Agricultural output was worth €8.7bn in 2018, with the biggest purchasers being Irish-owned food processors, with smaller proportions sold directly to households or exported, the Central Statistics Office (CSO) has found.

The latest report from the CSO, titled Food and Agriculture: A Value Chain Analysis 2018 outlines that Irish food producers then export the majority of their output, selling to 159 countries around the world.

While the market for Irish food and drink is global, 44% was sold to the UK in 2018.

Household consumption of food and drink was valued at €10.5bn in 2018, of which approximately 51% was imported.

This expenditure by households included €1.2bn in product taxes and €2.8bn in wholesalers’ and retailers’ margins.

Welcoming the report ICMSA president Pat McCormack said: “We all need to move things forward on the basis of fact and a full 360 degree understanding of the enormous role that farming and food production plays in our society and economy.
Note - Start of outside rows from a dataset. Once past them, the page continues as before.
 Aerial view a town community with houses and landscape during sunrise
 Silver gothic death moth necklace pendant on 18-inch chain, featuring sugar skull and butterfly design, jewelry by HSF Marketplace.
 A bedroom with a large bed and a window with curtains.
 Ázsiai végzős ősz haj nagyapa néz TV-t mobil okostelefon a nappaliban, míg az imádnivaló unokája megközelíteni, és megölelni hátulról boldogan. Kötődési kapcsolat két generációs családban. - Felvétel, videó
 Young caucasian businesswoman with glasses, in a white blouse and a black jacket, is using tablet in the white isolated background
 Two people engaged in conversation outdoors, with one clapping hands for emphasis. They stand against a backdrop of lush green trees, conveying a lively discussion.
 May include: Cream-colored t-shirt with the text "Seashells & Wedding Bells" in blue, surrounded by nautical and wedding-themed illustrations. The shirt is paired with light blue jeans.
“This report sets out that role in a factual and verifiable way and has to be the basis for further discussion, that’s why we urge interested parties and individuals to read it.”

British dependence

Commenting on the results CSO senior statistician Michael Connolly said the initial impact of Brexit on this value chain is very evident in the analysis.

“Although the Irish food and drink value chain is highly globalised, there is still a major concentration of activity with Britain, accounting for 23% of exports of these products in January to February 2021, down from a concentration of 33% in January to February 2018.

“Imports from Britain account for 18% of food and drink total imports in the same two-month period in 2021, down from 41% in 2018," Connolly said.

“As more data becomes available later in the year, it will become clearer as to whether this is an initial Brexit shock, or if the Irish food and drink value chain is truly moving away from its dependence on Britain.”